* _Try it_: Output the data once more, exactly as given.

* _Data section_:

===

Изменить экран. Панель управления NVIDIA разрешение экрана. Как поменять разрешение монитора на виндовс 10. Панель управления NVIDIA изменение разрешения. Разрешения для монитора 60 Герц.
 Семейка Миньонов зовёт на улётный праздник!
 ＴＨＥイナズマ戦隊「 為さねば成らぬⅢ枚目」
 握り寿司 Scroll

===

* _Exercise result_:
Изменить экран. Панель управления NVIDIA разрешение экрана. Как поменять разрешение монитора на виндовс 10. Панель управления NVIDIA изменение разрешения. Разрешения для монитора 60 Герц.
 Семейка Миньонов зовёт на улётный праздник!
 ＴＨＥイナズマ戦隊「 為さねば成らぬⅢ枚目」
 握り寿司 Scroll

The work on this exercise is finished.